__Problem description__
The data must be returned exactly. No line may be left out.

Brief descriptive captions
Start of Block
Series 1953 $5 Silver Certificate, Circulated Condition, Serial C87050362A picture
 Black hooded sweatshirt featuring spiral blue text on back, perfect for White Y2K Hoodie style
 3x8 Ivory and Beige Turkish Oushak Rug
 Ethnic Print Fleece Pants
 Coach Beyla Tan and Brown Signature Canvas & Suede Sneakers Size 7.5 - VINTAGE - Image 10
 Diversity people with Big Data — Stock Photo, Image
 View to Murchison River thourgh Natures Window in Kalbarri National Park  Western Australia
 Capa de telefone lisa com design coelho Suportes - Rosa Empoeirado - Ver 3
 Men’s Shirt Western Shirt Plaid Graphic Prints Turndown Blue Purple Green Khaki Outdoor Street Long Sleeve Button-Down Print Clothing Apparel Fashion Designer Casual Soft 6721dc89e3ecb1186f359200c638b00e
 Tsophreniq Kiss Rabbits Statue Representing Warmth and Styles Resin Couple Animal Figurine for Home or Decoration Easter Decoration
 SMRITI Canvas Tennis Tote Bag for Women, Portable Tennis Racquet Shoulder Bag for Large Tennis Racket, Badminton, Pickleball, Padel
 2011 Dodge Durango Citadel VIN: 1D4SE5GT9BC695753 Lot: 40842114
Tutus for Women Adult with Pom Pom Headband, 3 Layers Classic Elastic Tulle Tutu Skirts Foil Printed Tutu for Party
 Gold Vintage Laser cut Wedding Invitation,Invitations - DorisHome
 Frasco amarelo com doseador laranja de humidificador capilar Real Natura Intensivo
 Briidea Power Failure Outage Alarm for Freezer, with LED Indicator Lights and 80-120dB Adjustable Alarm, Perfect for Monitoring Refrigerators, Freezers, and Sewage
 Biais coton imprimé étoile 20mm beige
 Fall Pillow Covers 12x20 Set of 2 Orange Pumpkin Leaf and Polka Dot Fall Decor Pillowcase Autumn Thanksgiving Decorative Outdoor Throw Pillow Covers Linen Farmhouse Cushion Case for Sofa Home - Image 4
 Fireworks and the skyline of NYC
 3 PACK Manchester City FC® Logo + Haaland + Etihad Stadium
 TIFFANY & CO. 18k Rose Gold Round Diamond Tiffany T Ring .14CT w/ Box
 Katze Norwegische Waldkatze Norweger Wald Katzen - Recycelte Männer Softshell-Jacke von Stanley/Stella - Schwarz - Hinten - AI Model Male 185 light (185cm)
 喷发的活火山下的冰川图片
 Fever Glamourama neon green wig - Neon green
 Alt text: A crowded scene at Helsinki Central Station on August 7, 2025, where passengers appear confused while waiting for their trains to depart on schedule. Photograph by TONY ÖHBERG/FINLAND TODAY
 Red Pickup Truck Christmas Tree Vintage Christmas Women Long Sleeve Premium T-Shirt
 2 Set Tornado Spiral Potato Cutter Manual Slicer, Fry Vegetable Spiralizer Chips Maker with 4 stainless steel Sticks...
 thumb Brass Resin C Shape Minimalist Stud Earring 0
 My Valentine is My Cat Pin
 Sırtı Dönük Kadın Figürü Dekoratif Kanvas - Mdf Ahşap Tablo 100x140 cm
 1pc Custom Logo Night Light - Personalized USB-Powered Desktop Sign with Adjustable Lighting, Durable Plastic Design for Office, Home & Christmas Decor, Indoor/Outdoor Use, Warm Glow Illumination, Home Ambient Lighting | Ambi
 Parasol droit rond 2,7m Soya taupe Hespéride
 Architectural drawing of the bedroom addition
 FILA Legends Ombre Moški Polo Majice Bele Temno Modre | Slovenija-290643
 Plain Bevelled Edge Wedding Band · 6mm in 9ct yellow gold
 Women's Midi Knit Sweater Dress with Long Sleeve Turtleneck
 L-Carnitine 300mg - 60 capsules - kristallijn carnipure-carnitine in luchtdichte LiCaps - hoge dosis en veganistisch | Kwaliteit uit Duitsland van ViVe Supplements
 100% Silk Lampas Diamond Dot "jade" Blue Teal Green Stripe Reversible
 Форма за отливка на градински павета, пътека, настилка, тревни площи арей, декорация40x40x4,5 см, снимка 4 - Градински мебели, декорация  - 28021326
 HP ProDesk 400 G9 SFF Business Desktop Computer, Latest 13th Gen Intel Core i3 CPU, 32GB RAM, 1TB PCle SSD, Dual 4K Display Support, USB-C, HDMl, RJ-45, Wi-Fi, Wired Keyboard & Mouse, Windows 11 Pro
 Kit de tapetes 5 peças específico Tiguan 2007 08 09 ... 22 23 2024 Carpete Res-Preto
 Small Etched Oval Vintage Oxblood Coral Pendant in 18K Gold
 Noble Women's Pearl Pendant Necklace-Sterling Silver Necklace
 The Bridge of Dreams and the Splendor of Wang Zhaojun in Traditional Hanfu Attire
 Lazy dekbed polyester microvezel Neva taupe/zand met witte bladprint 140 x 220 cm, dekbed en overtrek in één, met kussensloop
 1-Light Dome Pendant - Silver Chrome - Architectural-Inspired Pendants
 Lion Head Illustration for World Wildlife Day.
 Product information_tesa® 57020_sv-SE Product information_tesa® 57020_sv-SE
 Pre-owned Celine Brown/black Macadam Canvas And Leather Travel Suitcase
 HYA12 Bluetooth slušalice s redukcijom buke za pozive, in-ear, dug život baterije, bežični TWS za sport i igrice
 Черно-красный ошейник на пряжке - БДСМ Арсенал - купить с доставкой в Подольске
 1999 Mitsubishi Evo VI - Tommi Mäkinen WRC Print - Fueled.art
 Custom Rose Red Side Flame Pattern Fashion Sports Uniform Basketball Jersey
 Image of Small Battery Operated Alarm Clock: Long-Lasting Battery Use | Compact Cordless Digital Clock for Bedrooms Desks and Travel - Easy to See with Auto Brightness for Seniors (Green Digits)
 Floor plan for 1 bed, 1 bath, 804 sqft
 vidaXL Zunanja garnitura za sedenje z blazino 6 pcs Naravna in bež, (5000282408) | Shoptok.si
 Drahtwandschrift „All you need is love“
End of Block
__Your response__
Series 1953 $5 Silver Certificate, Circulated Condition, Serial C87050362A picture
 Black hooded sweatshirt featuring spiral blue text on back, perfect for White Y2K Hoodie style
 3x8 Ivory and Beige Turkish Oushak Rug
 Ethnic Print Fleece Pants
 Coach Beyla Tan and Brown Signature Canvas & Suede Sneakers Size 7.5 - VINTAGE - Image 10
 Diversity people with Big Data — Stock Photo, Image
 View to Murchison River thourgh Natures Window in Kalbarri National Park  Western Australia
 Capa de telefone lisa com design coelho Suportes - Rosa Empoeirado - Ver 3
 Men’s Shirt Western Shirt Plaid Graphic Prints Turndown Blue Purple Green Khaki Outdoor Street Long Sleeve Button-Down Print Clothing Apparel Fashion Designer Casual Soft 6721dc89e3ecb1186f359200c638b00e
 Tsophreniq Kiss Rabbits Statue Representing Warmth and Styles Resin Couple Animal Figurine for Home or Decoration Easter Decoration
 SMRITI Canvas Tennis Tote Bag for Women, Portable Tennis Racquet Shoulder Bag for Large Tennis Racket, Badminton, Pickleball, Padel
 2011 Dodge Durango Citadel VIN: 1D4SE5GT9BC695753 Lot: 40842114
Tutus for Women Adult with Pom Pom Headband, 3 Layers Classic Elastic Tulle Tutu Skirts Foil Printed Tutu for Party
 Gold Vintage Laser cut Wedding Invitation,Invitations - DorisHome
 Frasco amarelo com doseador laranja de humidificador capilar Real Natura Intensivo
 Briidea Power Failure Outage Alarm for Freezer, with LED Indicator Lights and 80-120dB Adjustable Alarm, Perfect for Monitoring Refrigerators, Freezers, and Sewage
 Biais coton imprimé étoile 20mm beige
 Fall Pillow Covers 12x20 Set of 2 Orange Pumpkin Leaf and Polka Dot Fall Decor Pillowcase Autumn Thanksgiving Decorative Outdoor Throw Pillow Covers Linen Farmhouse Cushion Case for Sofa Home - Image 4
 Fireworks and the skyline of NYC
 3 PACK Manchester City FC® Logo + Haaland + Etihad Stadium
 TIFFANY & CO. 18k Rose Gold Round Diamond Tiffany T Ring .14CT w/ Box
 Katze Norwegische Waldkatze Norweger Wald Katzen - Recycelte Männer Softshell-Jacke von Stanley/Stella - Schwarz - Hinten - AI Model Male 185 light (185cm)
 喷发的活火山下的冰川图片
 Fever Glamourama neon green wig - Neon green
 Alt text: A crowded scene at Helsinki Central Station on August 7, 2025, where passengers appear confused while waiting for their trains to depart on schedule. Photograph by TONY ÖHBERG/FINLAND TODAY
 Red Pickup Truck Christmas Tree Vintage Christmas Women Long Sleeve Premium T-Shirt
 2 Set Tornado Spiral Potato Cutter Manual Slicer, Fry Vegetable Spiralizer Chips Maker with 4 stainless steel Sticks...
 thumb Brass Resin C Shape Minimalist Stud Earring 0
 My Valentine is My Cat Pin
 Sırtı Dönük Kadın Figürü Dekoratif Kanvas - Mdf Ahşap Tablo 100x140 cm
 1pc Custom Logo Night Light - Personalized USB-Powered Desktop Sign with Adjustable Lighting, Durable Plastic Design for Office, Home & Christmas Decor, Indoor/Outdoor Use, Warm Glow Illumination, Home Ambient Lighting | Ambi
 Parasol droit rond 2,7m Soya taupe Hespéride
 Architectural drawing of the bedroom addition
 FILA Legends Ombre Moški Polo Majice Bele Temno Modre | Slovenija-290643
 Plain Bevelled Edge Wedding Band · 6mm in 9ct yellow gold
 Women's Midi Knit Sweater Dress with Long Sleeve Turtleneck
 L-Carnitine 300mg - 60 capsules - kristallijn carnipure-carnitine in luchtdichte LiCaps - hoge dosis en veganistisch | Kwaliteit uit Duitsland van ViVe Supplements
 100% Silk Lampas Diamond Dot "jade" Blue Teal Green Stripe Reversible
 Форма за отливка на градински павета, пътека, настилка, тревни площи арей, декорация40x40x4,5 см, снимка 4 - Градински мебели, декорация  - 28021326
 HP ProDesk 400 G9 SFF Business Desktop Computer, Latest 13th Gen Intel Core i3 CPU, 32GB RAM, 1TB PCle SSD, Dual 4K Display Support, USB-C, HDMl, RJ-45, Wi-Fi, Wired Keyboard & Mouse, Windows 11 Pro
 Kit de tapetes 5 peças específico Tiguan 2007 08 09 ... 22 23 2024 Carpete Res-Preto
 Small Etched Oval Vintage Oxblood Coral Pendant in 18K Gold
 Noble Women's Pearl Pendant Necklace-Sterling Silver Necklace
 The Bridge of Dreams and the Splendor of Wang Zhaojun in Traditional Hanfu Attire
 Lazy dekbed polyester microvezel Neva taupe/zand met witte bladprint 140 x 220 cm, dekbed en overtrek in één, met kussensloop
 1-Light Dome Pendant - Silver Chrome - Architectural-Inspired Pendants
 Lion Head Illustration for World Wildlife Day.
 Product information_tesa® 57020_sv-SE Product information_tesa® 57020_sv-SE
 Pre-owned Celine Brown/black Macadam Canvas And Leather Travel Suitcase
 HYA12 Bluetooth slušalice s redukcijom buke za pozive, in-ear, dug život baterije, bežični TWS za sport i igrice
 Черно-красный ошейник на пряжке - БДСМ Арсенал - купить с доставкой в Подольске
 1999 Mitsubishi Evo VI - Tommi Mäkinen WRC Print - Fueled.art
 Custom Rose Red Side Flame Pattern Fashion Sports Uniform Basketball Jersey
 Image of Small Battery Operated Alarm Clock: Long-Lasting Battery Use | Compact Cordless Digital Clock for Bedrooms Desks and Travel - Easy to See with Auto Brightness for Seniors (Green Digits)
 Floor plan for 1 bed, 1 bath, 804 sqft
 vidaXL Zunanja garnitura za sedenje z blazino 6 pcs Naravna in bež, (5000282408) | Shoptok.si
 Drahtwandschrift „All you need is love“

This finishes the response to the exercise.